This post explores some undocumented behavior with TABLESAMPLE, specifically around the REPEATABLE option. TABLESAMPLE is a very useful tool to get a fast page-based sample of large tables. SQL Server uses it behind the scenes to gather sampled statistics.
Syntax
For this post we only need to be concerned with a subset of the syntax:
TABLESAMPLE SYSTEM (sample_number PERCENT ) [ REPEATABLE (repeat_seed) ]
Here’s a quote from that page about how TABLESAMPLE works internally:
TABLESAMPLE SYSTEM returns an approximate percentage of rows and generates a random value for each physical 8-KB page in the table. Based on the random value for a page and the percentage specified in the query, a page is either included in the sample or excluded.
One theory for how TABLESAMPLE works is that SQL Server generates a sequence of random values and does an allocation order scan that skips a page if the random value for that page does not meet the sample percent threshold. If REPEATABLE is used then SQL Server will generate the same sequence of random values each time, but results may be different if the table’s data has changed:
The REPEATABLE option causes a selected sample to be returned again. When REPEATABLE is specified with the same repeat_seed value, SQL Server returns the same subset of rows, as long as no changes have been made to the table. When REPEATABLE is specified with a different repeat_seed value, SQL Server will typically return a different sample of the rows in the table. The following actions to the table are considered changes: inserting, updating, deleting, index rebuilding, index defragmenting, restoring a database, and attaching a database.

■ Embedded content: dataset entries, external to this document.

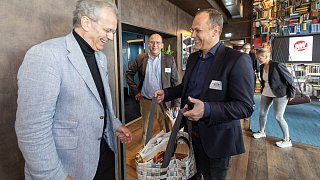 Verabschiedung von NW-Chefredakteur Thomas Seim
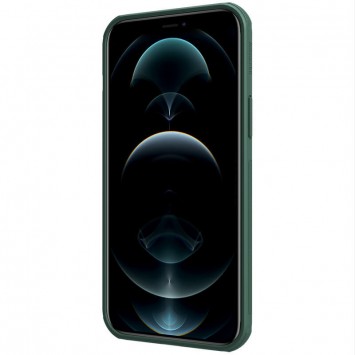Чохол для Apple iPhone 13 Pro Max - Nillkin Matte Pro (Зелений / Deep Green) - Чохли для iPhone 13 Pro Max - зображення 3 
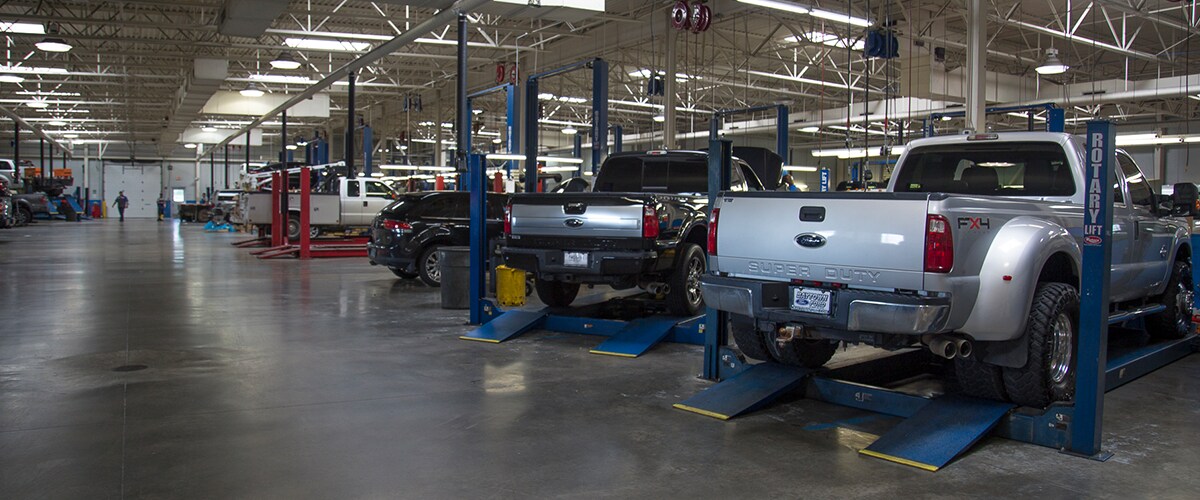 Ford Service & Auto Repair in Baytown, TX Baytown Ford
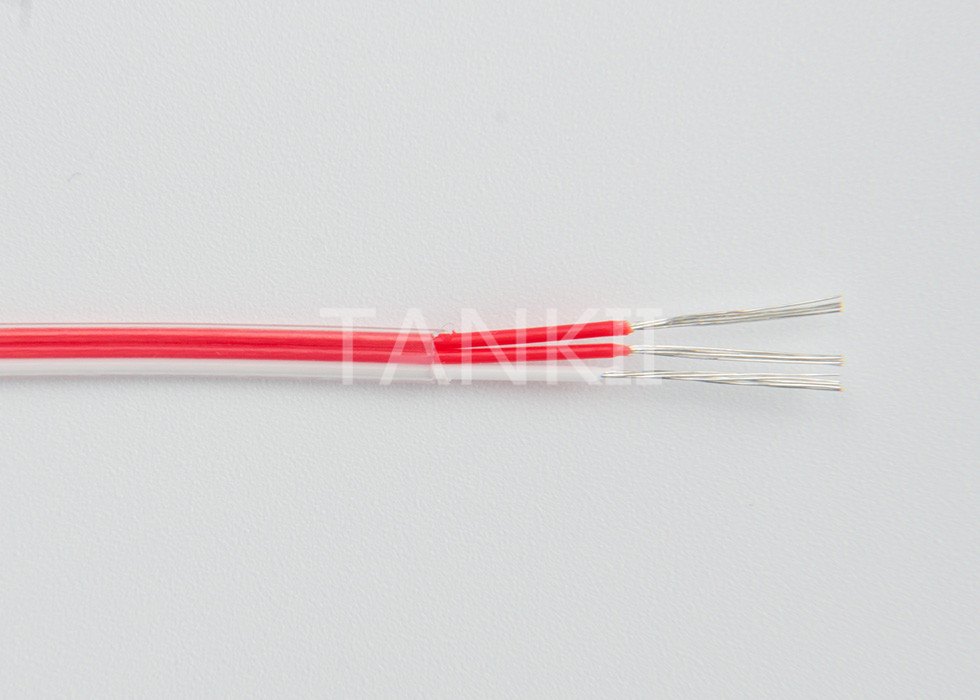 Extension Insulated Thermocouple Cable Solid Shape For Temperature Measurement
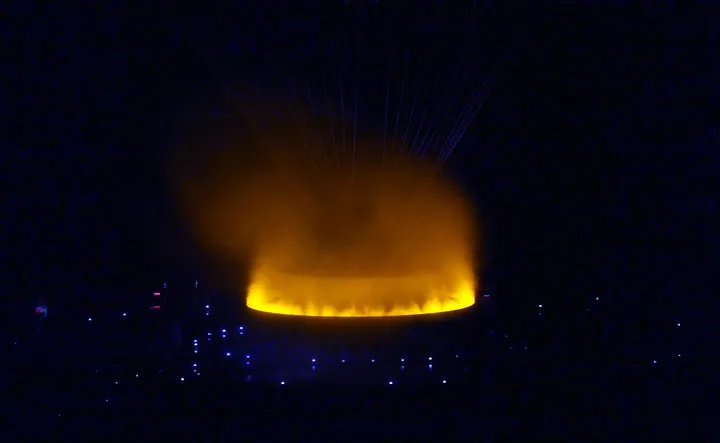 太惊艳！奥运圣火这样点燃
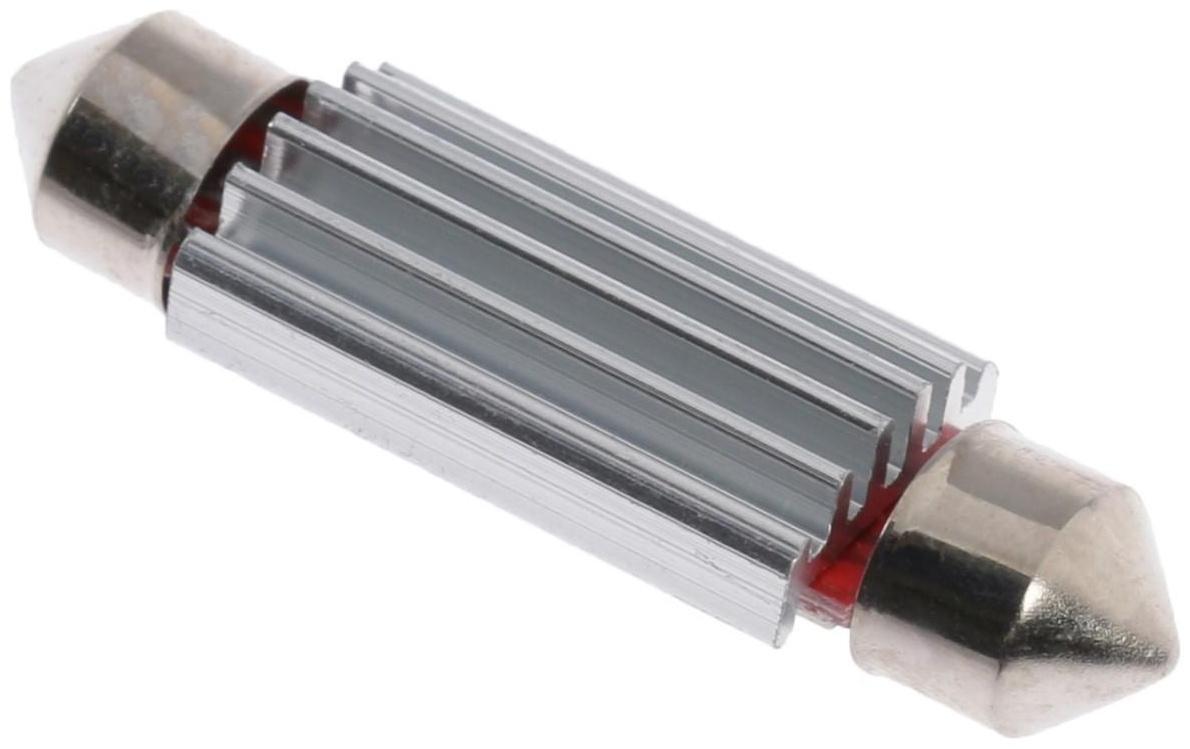 Автолампа светодиодная Cartage, C5W, 12 В, 22 SMD, 41 мм, свет белый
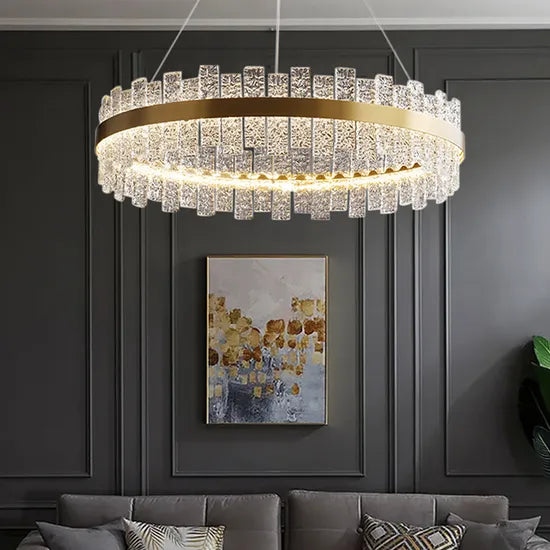 DLSS Home Decor Chandelier Lighting for Hotel Dining Room Decorative Lamp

How repeatable is REPEATABLE?
One might expect to get the same sample of pages with the REPEATABLE option even if the underlying data has changed but all of the pages remain in the same physical order. It also seems reasonable to think that if we add a page to the end of a table that the sample should stay the same except the new page may or may not be included in the sample. We can do some quick tests:
DROP TABLE IF EXISTS dbo.REPEATABLE_TEST; CREATE TABLE dbo.REPEATABLE_TEST ( ID BIGINT NOT NULL IDENTITY(1, 1), FILLER VARCHAR(7000), PRIMARY KEY (ID) ); INSERT INTO dbo.REPEATABLE_TEST VALUES (REPLICATE('Z', 7000)); INSERT INTO dbo.REPEATABLE_TEST VALUES (REPLICATE('Z', 7000)); INSERT INTO dbo.REPEATABLE_TEST VALUES (REPLICATE('Z', 7000)); INSERT INTO dbo.REPEATABLE_TEST VALUES (REPLICATE('Z', 7000)); INSERT INTO dbo.REPEATABLE_TEST VALUES (REPLICATE('Z', 7000)); INSERT INTO dbo.REPEATABLE_TEST VALUES (REPLICATE('Z', 3000)); -- returns 3 - 6 -- we skipped the first two pages -- and included the last four SELECT ID FROM dbo.REPEATABLE_TEST TABLESAMPLE (50 PERCENT) REPEATABLE (1); INSERT INTO dbo.REPEATABLE_TEST VALUES (REPLICATE('Z', 3000)); -- returns 3 - 7, same pages as before SELECT ID FROM dbo.REPEATABLE_TEST TABLESAMPLE (50 PERCENT) REPEATABLE (1); INSERT INTO dbo.REPEATABLE_TEST VALUES (REPLICATE('Z', 7000)); -- returns 3 - 8, includes new page SELECT ID FROM dbo.REPEATABLE_TEST TABLESAMPLE (50 PERCENT) REPEATABLE (1); INSERT INTO dbo.REPEATABLE_TEST VALUES (REPLICATE('Z', 7000)); -- returns 3 - 8, does not include new page SELECT ID FROM dbo.REPEATABLE_TEST TABLESAMPLE (50 PERCENT) REPEATABLE (1);
So far so good. However, the quote about REPEATABLE also calls out doing an index rebuild. We can see that our table isn’t fragmented at all with this query:
SELECT index_level , page_count , avg_fragmentation_in_percent FROM sys.dm_db_index_physical_stats (7, OBJECT_ID(N'dbo.REPEATABLE_TEST') , NULL, NULL , 'DETAILED');
Result set:
With a MAXDOP 1 rebuild I wouldn’t expect the physical order of pages to change at all. Indeed it doesn’t:
We issue the REBUILD:
ALTER TABLE dbo.REPEATABLE_TEST REBUILD WITH (MAXDOP = 1);
However, now we get a completely different sample, despite the table still having no fragmentation. Pages 1, 2, 3, 5, and 8 are included in the results. The table has the same data and physical order as before. Why should the sample change even with the same REPEATABLE value?
Decoding REPEATABLE
Perhaps the REPEATABLE value is somehow combined with some piece of metadata with the table, similar to a salt used for encryption. The OBJECT_ID seems like a reasonable guess except that it won’t change after a rebuild. However, the HOBT_ID of the table does change after a REBUILD. We may be able to get a repeatable sample even after a REBUILD if we’re able to factor in the HOBT_ID somehow.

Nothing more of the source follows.